A man called the New Orleans Police Department (NOPD) April 11 saying that he had shot a woman at their Broadway Street home and intended to shoot any officers who approached the house, prompting a major response from NOPD officers in an armored vehicle who shut down roads around the home while they investigated.

  The call turned out to be a hoax; the resident of the house emerged to tell officers she was fine and unharmed, and mystified why someone would make such a call. But her daughter, who studies Internet harassment, believes the prank was directed at her as part of a new but quickly growing form of online abuse spreading dangerously into real life.

  The New Orleans Police Department received the call Saturday night on a non-emergency line, with a male caller telling the dispatcher that he had shot his girlfriend at a home in the 300 block of Broadway, said Commander Bobby Norton of the NOPD Special Operations Division at a meeting last week of NOPD ranking officers.

  "He says he just shot his girlfriend and killed her, and any police that approaches the house, he's going to kill them," Norton said. "He gave a specific address on the house."

  Norton and Second District Commander Paul Noel had officers surround the house and close down the streets near it, but directed them not to approach the home itself. Meanwhile, Norton began researching the address and discovered that there was no history of domestic abuse or other violent crime calls there, suggesting the call might have been false.

  "We started to kind of believe that it was going to be a bogus complaint, but obviously we can't treat it as a bogus complaint," Norton said.

  One neighbor said she went outside around 10 p.m. to wait for a cab to the French Quarter, but instead found a police officer in tactical gear.

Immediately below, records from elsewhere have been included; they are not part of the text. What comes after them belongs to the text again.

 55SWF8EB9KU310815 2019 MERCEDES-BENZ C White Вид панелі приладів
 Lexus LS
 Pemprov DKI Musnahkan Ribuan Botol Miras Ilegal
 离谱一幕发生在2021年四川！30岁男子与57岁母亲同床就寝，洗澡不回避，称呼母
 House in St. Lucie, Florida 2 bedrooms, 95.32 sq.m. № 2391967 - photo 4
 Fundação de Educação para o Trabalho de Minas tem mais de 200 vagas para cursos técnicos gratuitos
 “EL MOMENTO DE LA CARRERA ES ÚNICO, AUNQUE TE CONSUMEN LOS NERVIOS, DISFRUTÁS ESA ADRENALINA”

He asked if she was OK, then if she had heard any screams or gunshots coming from the house of the supposed victim — which she hadn't.

  Finally, Norton sent an armored vehicle up to the house, so that if there was someone determined to shoot at officers, the vehicle would protect them. Instead, the homeowner came out the front door and assured police that she was fine.

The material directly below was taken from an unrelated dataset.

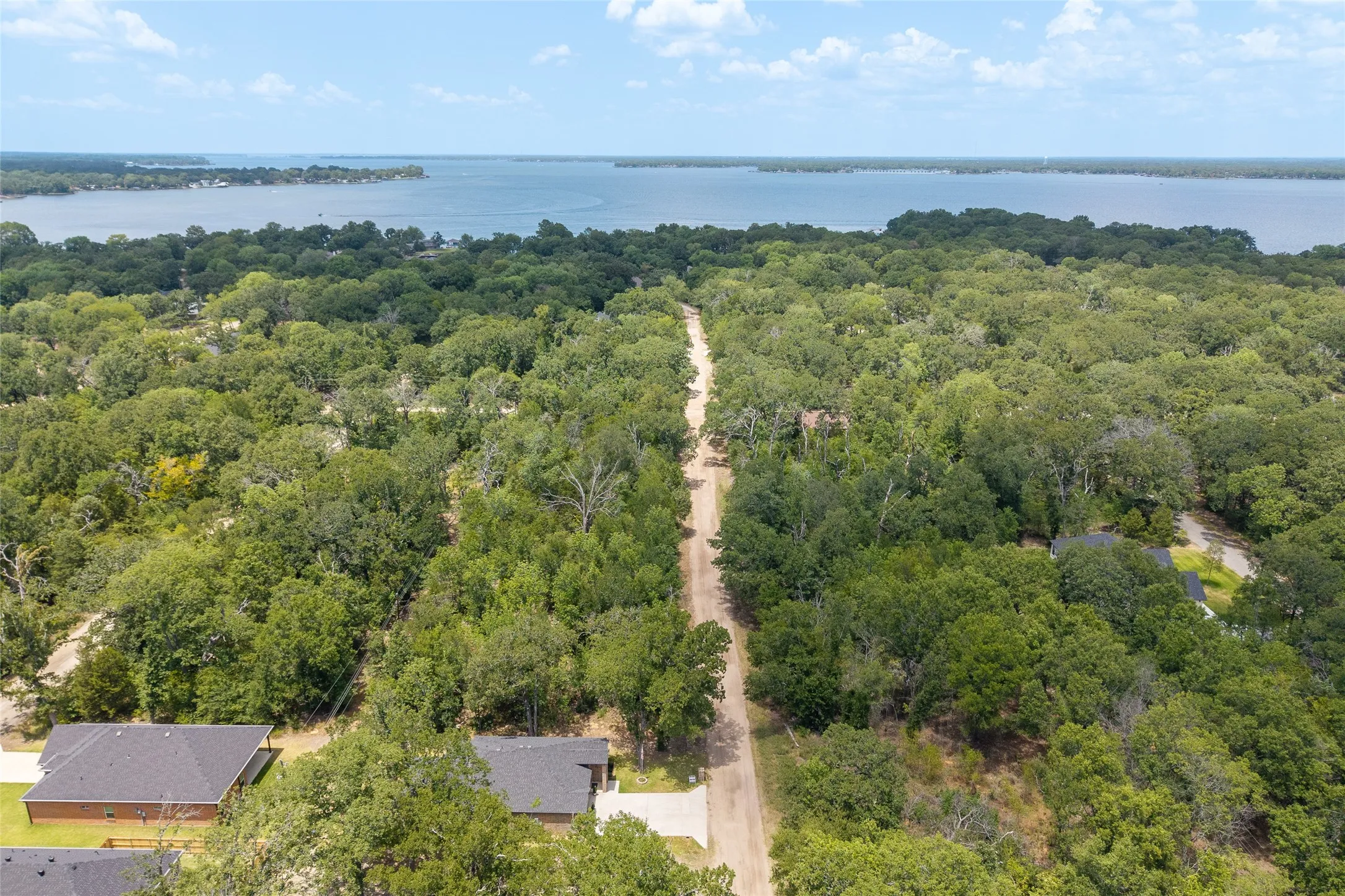 Single Family Residence For Sale in Henderson County , 119 Driftwood Drive, Trinidad, Texas 75163, 3 Bedroom, 2 Bathroom, 2 Garage spaces, 1,645 Sqft, built in 2025, mls#21321832, Real Estate Agent in Trinidad, Homes For Sale in Henderson county, Homes For Sale in Trinidad, Realtor in Trinidad Texas, Real Estate Brokerage Independent Realty Texas, Luminita Cordes Realtor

  The homeowner did not seem afraid during the ordeal, the nearby resident said, only perplexed.

  "She was as surprised as we all were, standing in a bathrobe," the resident said.

  As a final precaution, Norton sent a team into the house to check it for any threats. When they confirmed that there was no evidence any crime had occurred, Norton was confident in deeming the original call a hoax.

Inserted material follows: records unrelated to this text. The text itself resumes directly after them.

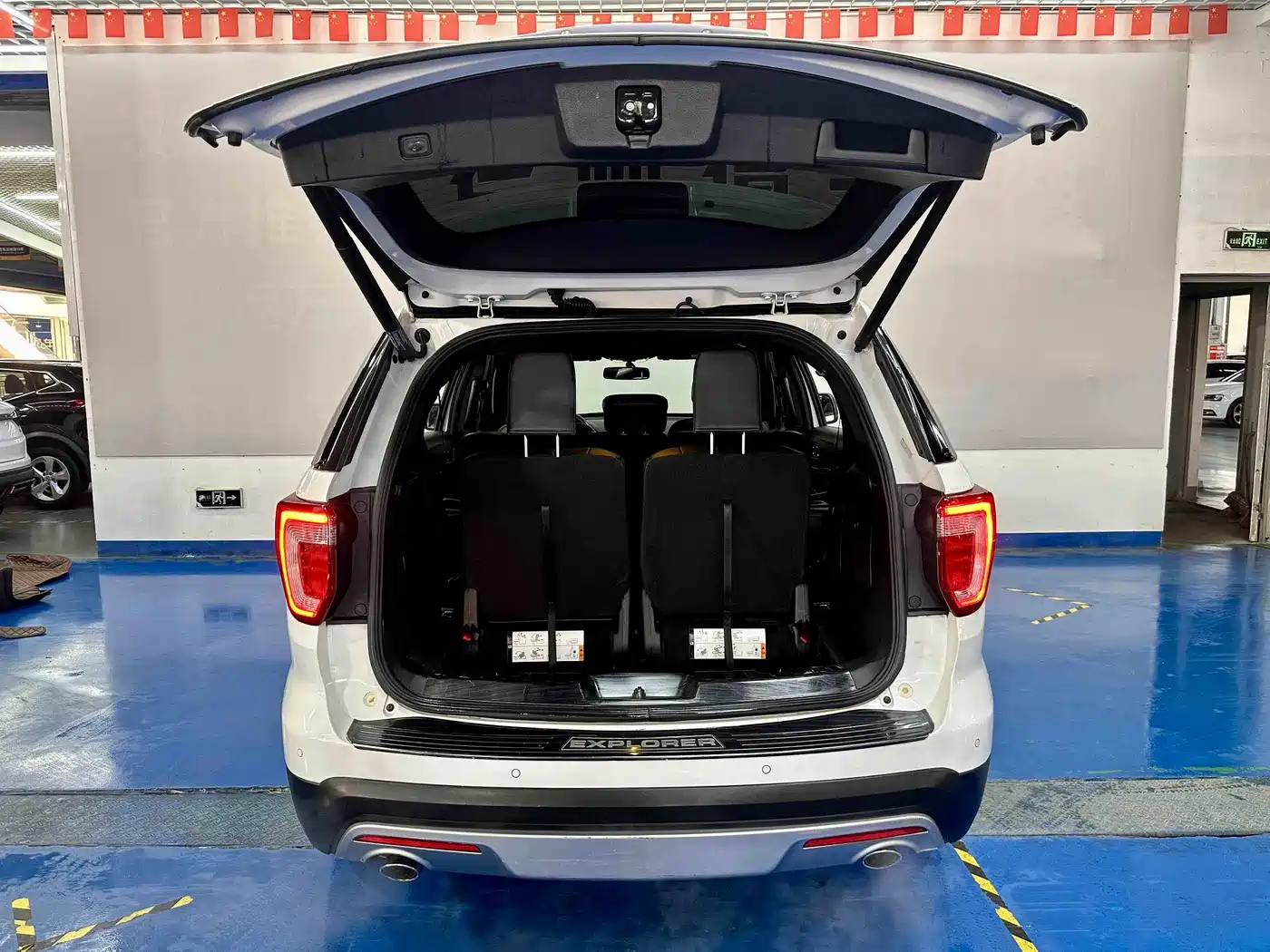 Ford Explorer (Import) 2018 2016 2.3T Trend Edition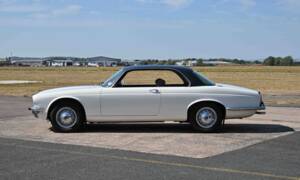 Bild 2/36 von Daimler Sovereign 4.2 (1976)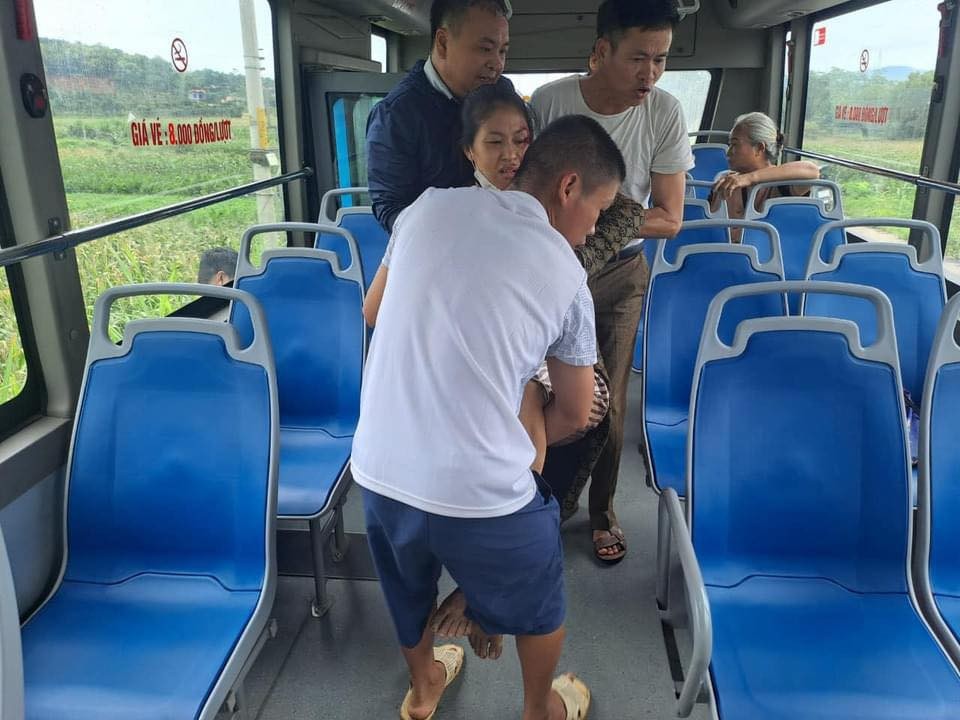 Tài xế xe bus cứu người bị nạn bất tỉnh: "Nếu có bị trừ lương, đuổi việc tôi vẫn cứu người" Tài xế xe bus cứu người bị nạn bất tỉnh: "Nếu có bị trừ lương, đuổi việc tôi vẫn cứu người"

Although the entire police response took less than an hour, a prank such as this creates numerous problems, Norton said. First, it took about 20 officers away from their normal jobs — around half of them were charged with answering routine calls around the Second District, and the other half were from the Special Operations Division, which is used for proactive work.

  Second, the urgency of the response demanded by such a call created what could have been a volatile situation for the residents of Broadway and Audubon streets, Norton said. False police calls have led to tragedies elsewhere. In January, the police chief of a small town in Oklahoma was shot by a homeowner while the officer entered the homeowner's residence in response to a similar fake call.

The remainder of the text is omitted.